■ **TASK GOAL**
Begin your copy at the line with "Surgeon during the" in the records below and end it at the line with "The City of", restating each line word for word; omit the pictures.

■ **RECORDS SHOWN**
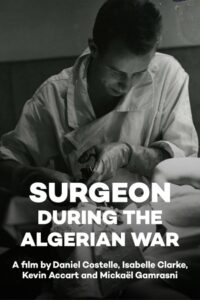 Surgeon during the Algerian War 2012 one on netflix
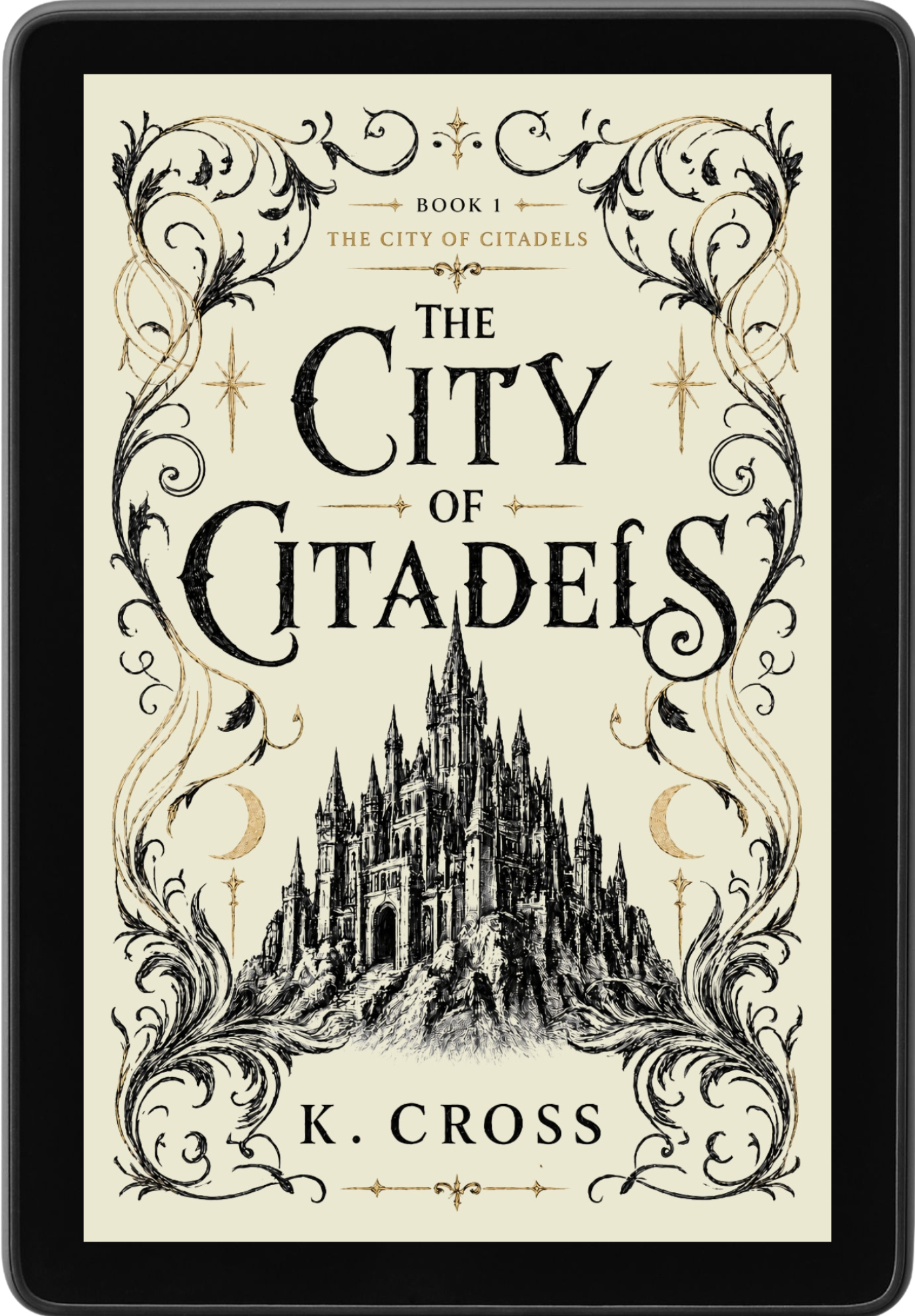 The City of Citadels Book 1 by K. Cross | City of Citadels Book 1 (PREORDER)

--

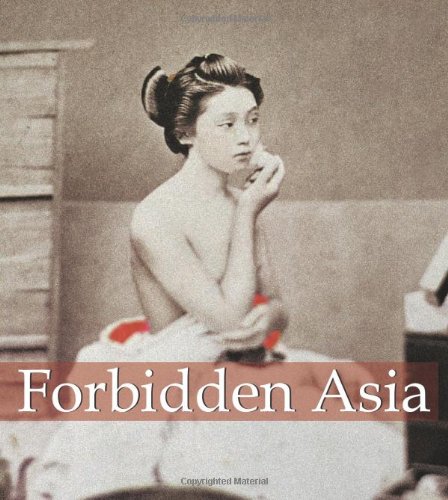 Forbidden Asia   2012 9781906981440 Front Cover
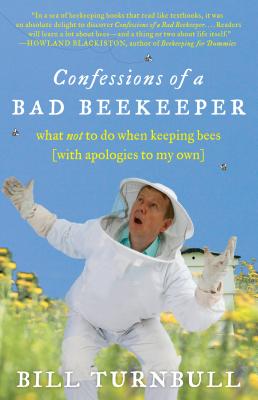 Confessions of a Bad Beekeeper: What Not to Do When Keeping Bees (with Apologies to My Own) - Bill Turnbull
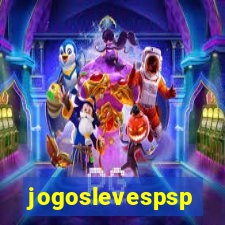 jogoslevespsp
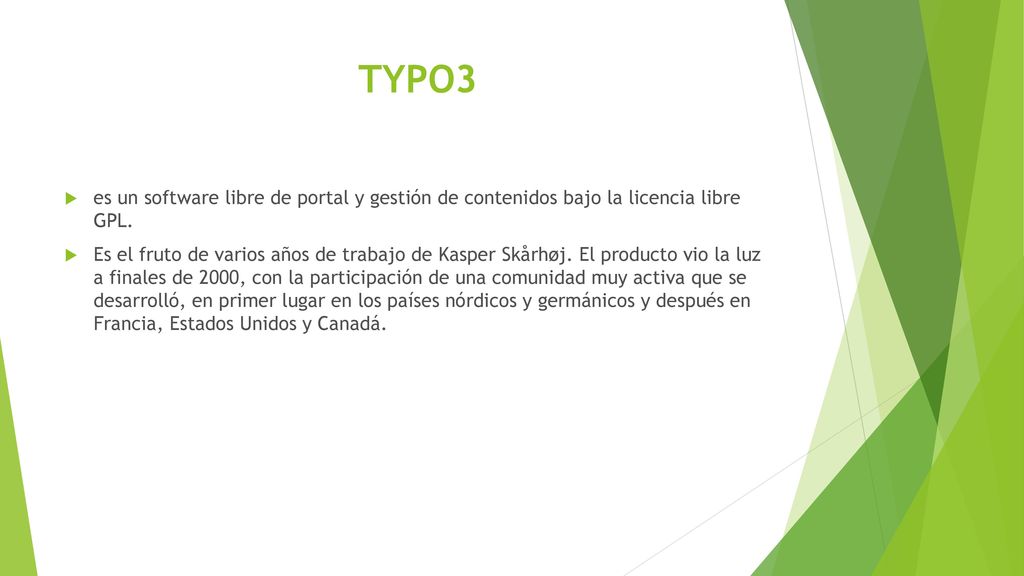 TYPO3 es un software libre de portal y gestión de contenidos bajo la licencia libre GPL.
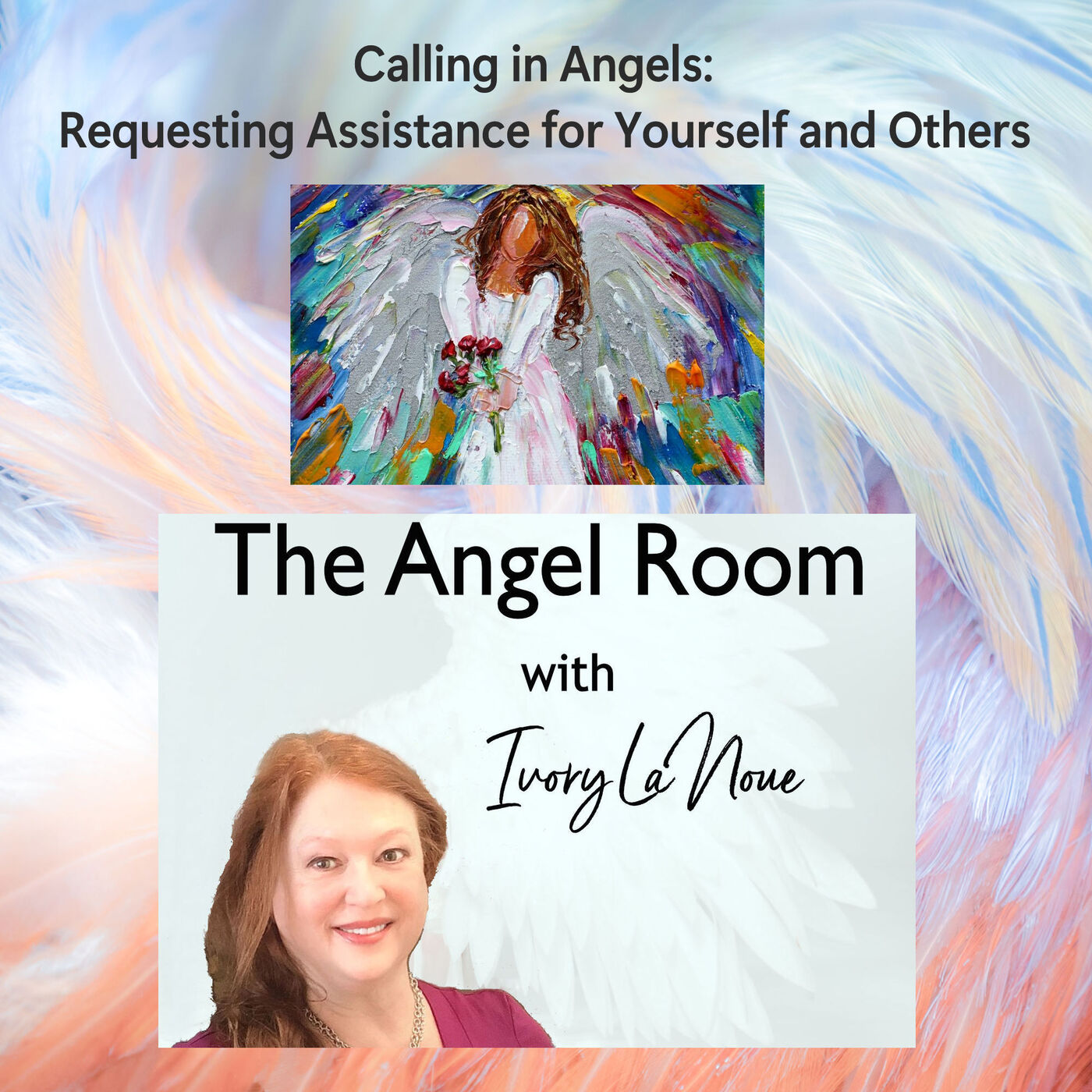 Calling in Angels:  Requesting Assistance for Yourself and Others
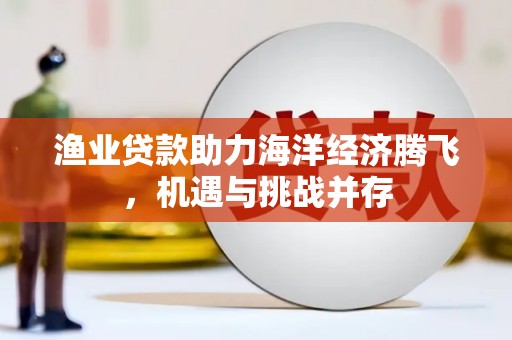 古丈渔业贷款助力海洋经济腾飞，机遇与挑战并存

...

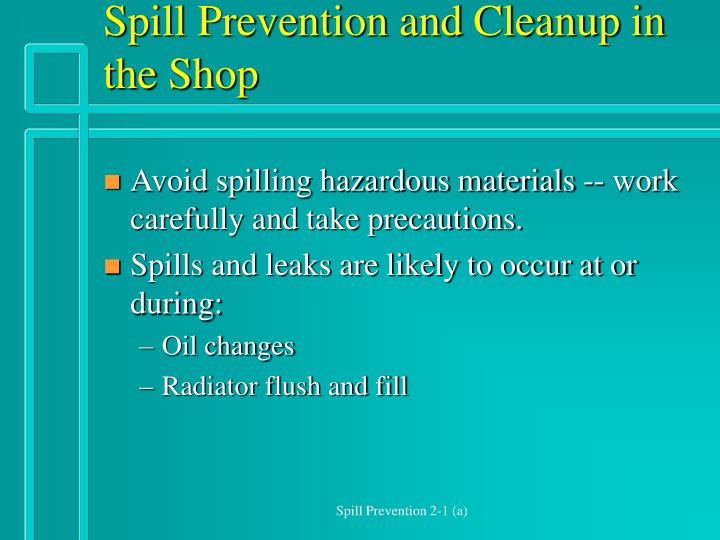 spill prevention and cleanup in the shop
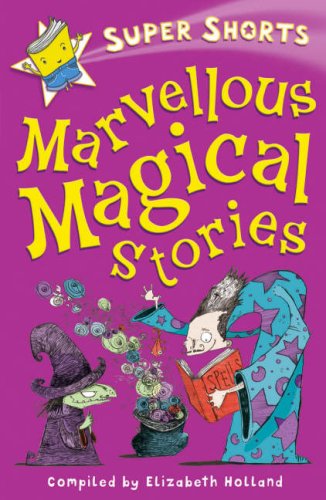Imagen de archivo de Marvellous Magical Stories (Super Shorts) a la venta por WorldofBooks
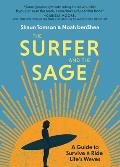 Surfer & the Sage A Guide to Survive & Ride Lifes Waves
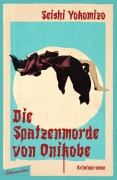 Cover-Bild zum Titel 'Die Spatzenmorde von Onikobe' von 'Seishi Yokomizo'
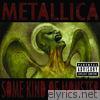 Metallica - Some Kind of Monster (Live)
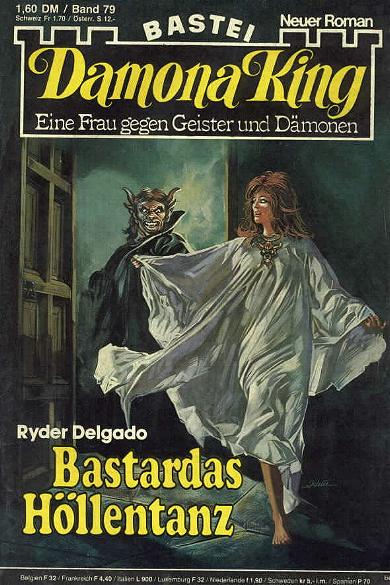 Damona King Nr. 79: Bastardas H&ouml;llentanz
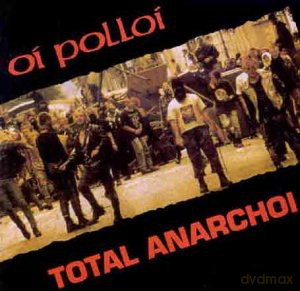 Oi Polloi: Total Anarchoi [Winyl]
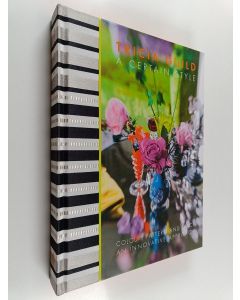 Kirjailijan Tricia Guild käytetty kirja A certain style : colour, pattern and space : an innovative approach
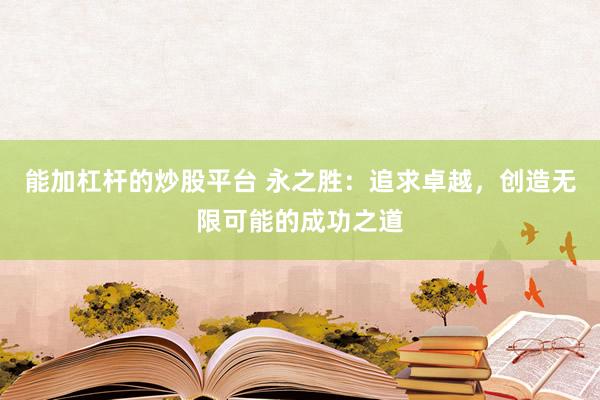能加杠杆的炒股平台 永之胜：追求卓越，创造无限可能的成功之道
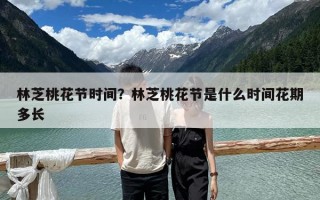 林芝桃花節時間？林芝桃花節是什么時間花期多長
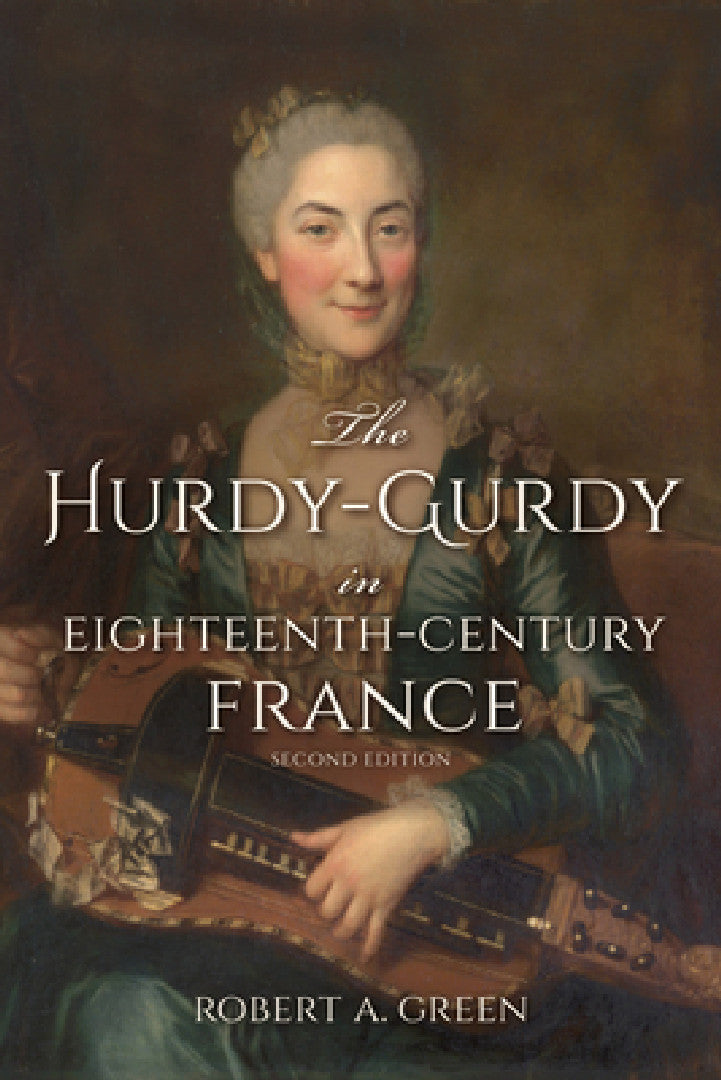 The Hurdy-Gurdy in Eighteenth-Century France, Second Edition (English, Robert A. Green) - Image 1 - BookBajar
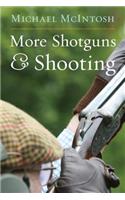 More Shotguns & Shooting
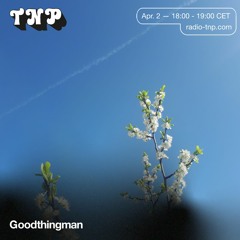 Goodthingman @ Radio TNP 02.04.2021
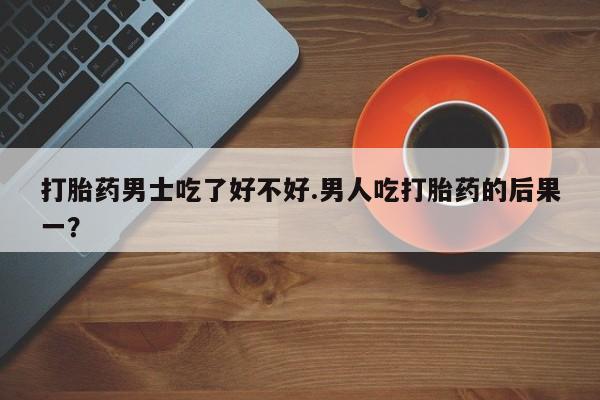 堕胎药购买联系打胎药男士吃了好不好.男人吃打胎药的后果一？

■ **WRITTEN SOLUTION**
 Surgeon during the Algerian War 2012 one on netflix
 The City of Citadels Book 1 by K. Cross | City of Citadels Book 1 (PREORDER)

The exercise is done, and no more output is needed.